I was working with a job seeker whom was extremely frustrated. Many of her frustrations were due to her circumstances. This woman had never found it so difficult to land employment before in her life. She was 55+ years old, too young to retire, and considered to be too old in many employers’ eyes. Having been a hard worker her entire life, she could not understand her prolonged period of unemployment and how it was not enough to just tell an employer how badly she wanted a job.
 
During our conversation, I discovered that her method in selling herself to employers dated her to the past tense. I gave her some information with many of the tips and tricks of the trade, but I could tell that she was fearful of changing her ways. She did not really understand why her résumé format needed an upgrade and why she needed to take advantage of networking opportunities. That’s when I told her to be a hamburger. Not just any hamburger, but THE hamburger of an employer’s desires.

The Hamburger Approach to Job Seeking goes like this…

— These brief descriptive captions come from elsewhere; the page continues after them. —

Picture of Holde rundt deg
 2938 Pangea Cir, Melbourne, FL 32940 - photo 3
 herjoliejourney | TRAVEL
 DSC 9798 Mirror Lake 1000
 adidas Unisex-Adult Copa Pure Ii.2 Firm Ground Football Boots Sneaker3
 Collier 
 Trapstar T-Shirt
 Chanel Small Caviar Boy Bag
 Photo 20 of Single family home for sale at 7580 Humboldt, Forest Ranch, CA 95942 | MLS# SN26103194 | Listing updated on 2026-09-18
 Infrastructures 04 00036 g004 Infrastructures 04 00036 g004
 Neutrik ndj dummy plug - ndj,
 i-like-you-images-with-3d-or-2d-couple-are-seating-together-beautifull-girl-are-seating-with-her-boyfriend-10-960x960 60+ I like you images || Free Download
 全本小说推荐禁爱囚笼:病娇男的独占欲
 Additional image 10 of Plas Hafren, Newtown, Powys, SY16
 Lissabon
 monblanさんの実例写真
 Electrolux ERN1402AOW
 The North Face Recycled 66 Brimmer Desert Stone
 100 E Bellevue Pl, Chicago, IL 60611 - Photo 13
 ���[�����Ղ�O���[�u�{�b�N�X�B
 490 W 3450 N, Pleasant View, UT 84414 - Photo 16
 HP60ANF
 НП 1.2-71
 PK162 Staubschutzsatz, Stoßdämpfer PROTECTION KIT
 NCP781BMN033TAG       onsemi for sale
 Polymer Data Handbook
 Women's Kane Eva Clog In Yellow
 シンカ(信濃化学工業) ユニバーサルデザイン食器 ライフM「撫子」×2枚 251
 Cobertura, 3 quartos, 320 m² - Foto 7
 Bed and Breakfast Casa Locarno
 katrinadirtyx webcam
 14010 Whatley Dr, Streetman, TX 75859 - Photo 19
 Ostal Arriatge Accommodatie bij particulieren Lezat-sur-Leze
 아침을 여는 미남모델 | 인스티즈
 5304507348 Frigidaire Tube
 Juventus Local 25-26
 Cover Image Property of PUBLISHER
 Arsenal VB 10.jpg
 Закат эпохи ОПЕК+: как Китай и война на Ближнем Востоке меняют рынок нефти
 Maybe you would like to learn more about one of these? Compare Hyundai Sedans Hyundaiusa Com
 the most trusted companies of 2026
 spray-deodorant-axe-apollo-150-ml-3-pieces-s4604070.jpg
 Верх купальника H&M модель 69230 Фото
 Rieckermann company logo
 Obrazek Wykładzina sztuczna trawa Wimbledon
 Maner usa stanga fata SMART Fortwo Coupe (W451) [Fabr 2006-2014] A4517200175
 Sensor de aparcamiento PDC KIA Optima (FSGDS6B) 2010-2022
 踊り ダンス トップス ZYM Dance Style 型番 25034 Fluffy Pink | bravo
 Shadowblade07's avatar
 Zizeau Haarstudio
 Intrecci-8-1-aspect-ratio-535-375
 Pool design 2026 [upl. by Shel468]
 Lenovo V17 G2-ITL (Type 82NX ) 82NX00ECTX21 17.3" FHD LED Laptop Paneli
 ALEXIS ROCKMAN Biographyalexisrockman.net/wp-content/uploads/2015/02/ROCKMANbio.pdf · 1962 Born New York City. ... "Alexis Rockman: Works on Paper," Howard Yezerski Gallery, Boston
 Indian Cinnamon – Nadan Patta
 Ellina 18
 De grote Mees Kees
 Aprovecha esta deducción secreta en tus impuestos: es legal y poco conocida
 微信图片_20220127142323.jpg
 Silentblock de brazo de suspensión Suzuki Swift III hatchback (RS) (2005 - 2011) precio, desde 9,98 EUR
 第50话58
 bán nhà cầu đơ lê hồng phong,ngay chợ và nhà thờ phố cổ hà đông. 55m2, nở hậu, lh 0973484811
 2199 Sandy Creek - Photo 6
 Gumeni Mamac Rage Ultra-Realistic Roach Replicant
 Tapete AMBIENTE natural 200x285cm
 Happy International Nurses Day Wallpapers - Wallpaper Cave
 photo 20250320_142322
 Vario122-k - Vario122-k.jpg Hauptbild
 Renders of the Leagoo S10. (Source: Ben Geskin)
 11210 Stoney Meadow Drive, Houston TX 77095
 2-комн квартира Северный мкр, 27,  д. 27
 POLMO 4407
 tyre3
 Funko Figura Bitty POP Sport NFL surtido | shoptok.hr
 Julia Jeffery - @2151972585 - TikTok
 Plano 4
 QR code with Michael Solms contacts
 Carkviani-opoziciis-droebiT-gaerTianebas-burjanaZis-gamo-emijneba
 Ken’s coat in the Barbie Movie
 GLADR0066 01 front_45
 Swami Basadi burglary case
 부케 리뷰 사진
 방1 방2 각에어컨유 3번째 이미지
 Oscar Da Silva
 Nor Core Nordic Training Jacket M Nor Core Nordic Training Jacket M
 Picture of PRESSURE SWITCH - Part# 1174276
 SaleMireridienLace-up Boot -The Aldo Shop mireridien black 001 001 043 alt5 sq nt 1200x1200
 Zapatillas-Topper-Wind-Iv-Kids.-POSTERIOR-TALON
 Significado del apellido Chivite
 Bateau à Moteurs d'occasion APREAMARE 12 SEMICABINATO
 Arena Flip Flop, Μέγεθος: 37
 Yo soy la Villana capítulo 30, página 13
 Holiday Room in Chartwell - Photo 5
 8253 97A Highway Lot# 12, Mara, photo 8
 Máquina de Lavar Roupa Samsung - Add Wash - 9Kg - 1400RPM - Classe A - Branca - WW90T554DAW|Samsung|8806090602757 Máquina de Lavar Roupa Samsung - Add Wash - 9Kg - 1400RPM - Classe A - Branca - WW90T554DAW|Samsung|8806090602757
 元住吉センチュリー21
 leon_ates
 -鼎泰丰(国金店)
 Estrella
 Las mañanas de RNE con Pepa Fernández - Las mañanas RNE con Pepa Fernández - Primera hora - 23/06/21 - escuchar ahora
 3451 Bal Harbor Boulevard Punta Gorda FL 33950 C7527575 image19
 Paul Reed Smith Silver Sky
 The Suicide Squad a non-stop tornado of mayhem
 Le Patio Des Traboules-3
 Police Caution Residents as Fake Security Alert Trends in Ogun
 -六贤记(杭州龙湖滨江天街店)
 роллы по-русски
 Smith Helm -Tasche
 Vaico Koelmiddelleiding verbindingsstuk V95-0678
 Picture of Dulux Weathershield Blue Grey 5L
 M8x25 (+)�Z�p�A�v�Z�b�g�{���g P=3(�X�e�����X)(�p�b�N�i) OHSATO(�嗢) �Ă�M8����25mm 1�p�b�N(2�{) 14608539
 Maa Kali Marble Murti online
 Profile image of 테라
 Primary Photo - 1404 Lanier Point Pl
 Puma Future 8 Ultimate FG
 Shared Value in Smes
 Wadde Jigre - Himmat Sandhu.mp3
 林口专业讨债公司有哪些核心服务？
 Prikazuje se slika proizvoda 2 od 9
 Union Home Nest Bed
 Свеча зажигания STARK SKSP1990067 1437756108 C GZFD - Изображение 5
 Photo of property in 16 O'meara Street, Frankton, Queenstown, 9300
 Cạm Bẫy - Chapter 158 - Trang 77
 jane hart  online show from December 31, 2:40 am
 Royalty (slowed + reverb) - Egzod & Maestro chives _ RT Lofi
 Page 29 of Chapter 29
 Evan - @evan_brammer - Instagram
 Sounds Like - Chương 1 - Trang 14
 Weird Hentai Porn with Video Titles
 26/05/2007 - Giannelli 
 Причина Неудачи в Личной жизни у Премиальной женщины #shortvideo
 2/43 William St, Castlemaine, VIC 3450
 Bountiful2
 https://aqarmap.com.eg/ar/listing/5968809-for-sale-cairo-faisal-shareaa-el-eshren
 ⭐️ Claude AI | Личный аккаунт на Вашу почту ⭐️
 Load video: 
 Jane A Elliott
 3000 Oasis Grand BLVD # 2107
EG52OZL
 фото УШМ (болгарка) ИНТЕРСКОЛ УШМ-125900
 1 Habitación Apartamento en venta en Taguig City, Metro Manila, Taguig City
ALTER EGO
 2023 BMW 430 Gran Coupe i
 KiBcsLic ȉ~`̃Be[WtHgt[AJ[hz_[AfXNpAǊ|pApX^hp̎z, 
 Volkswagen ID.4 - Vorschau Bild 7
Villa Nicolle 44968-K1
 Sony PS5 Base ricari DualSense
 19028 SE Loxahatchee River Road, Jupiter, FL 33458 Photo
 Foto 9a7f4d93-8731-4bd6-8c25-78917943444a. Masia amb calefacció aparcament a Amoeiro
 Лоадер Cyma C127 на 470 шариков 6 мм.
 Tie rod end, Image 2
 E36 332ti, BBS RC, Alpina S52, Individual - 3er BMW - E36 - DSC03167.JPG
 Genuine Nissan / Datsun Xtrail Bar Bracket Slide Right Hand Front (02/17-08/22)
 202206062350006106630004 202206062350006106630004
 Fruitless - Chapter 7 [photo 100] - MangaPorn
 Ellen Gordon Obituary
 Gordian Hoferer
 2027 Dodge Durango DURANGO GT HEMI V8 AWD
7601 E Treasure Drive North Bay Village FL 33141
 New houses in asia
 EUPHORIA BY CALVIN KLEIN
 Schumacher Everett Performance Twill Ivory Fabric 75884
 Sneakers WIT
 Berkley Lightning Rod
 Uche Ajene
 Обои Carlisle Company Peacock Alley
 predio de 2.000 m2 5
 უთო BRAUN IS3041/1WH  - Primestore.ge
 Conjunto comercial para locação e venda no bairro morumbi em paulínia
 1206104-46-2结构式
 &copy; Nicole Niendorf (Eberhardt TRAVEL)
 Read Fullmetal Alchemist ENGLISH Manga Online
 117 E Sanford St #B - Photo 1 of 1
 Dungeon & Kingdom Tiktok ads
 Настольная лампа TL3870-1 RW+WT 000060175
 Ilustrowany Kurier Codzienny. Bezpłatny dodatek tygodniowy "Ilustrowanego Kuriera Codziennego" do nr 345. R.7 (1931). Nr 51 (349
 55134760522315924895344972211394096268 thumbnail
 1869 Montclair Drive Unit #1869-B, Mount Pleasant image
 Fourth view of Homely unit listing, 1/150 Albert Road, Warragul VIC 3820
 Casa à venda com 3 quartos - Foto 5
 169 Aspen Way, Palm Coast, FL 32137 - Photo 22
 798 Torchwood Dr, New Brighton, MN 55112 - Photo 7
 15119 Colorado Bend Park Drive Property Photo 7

Every day on my way to work, I drive on the interstate highway. As I approach the city I work in, traffic slows down to either a crawl or stops completely for a few minutes. At the points in my commute where this happens, there are strategically placed billboards that catch my eye. At least one of these billboards is for a fast food restaurant. The restaurant will display one of its most famous sandwiches-usually a hamburger. Most people don’t get overly excited at the thought of eating hamburgers from fast food in the era of posted calorie counts on menus and forbidden trans-fats. Fast food restaurant have to work exceptionally hard at marketing. As you are driving, they have to make you want it so badly, you are begging for it.
 
Each billboard of a hamburger is not showing random meat on bread; it is showing a burger experience. First, the bun.  The bun is ever so perfectly baked to perfection with its color and placement of sesame seeds.  Next comes the meat patty. In real fast food life, you might need a search party to find the beef, but in fast food marketing land, the burger has a distinct thickness. The meat’s edges imply excess by hanging over the outer rim of the bun.  Then the toppings arrive. Leafy green lettuce with slightly curled edges, tomatoes red like a fire truck and donning small beads of moisture crowns the patty. Even onion, whether it be sliced or diced, can be seen. The pickles are not hiding. Need a sauce? It does not matter if the sauce is secret or plain ketchup, if it is on the burger, you can see it in the advertisement. The reality of your fast food experience is probably different, but after seeing that billboard, you want a hamburger.

Job seekers are hamburgers and they need to market themselves like hamburgers on bill boards. A résumé must make an employer salivate at the lips. Each statement a job seeker makes to sell himself must make an employer want to know more. This is not only true in résumés and cover letters, but on social media. Are updates posted on social media that cause engagement on Linked In and are tweets just boring updates or catchy quick reads?  Does the job seeker’s brand sell himself? Does the job seeker portray an image that is a cheap fast food less than desirable piece of meat or does the job seeker market himself to invoke a high end sandwich experience?
 
Job Seekers need to think like the marketing department at a fast food restaurant. Meet someone at a networking event? Does the job seeker just collect business cards or take the time to develop relationships?  Forget fries with that. How about meeting over a cup of coffee to discuss potential opportunities.

As a workforce development professional, I work with customers on all levels. Many times to really make someone understand, I need to give them something that they can relate to. The Hamburger Approach to Job Seeking is something many people can relate to. It can make them understand the process and how to sell themselves.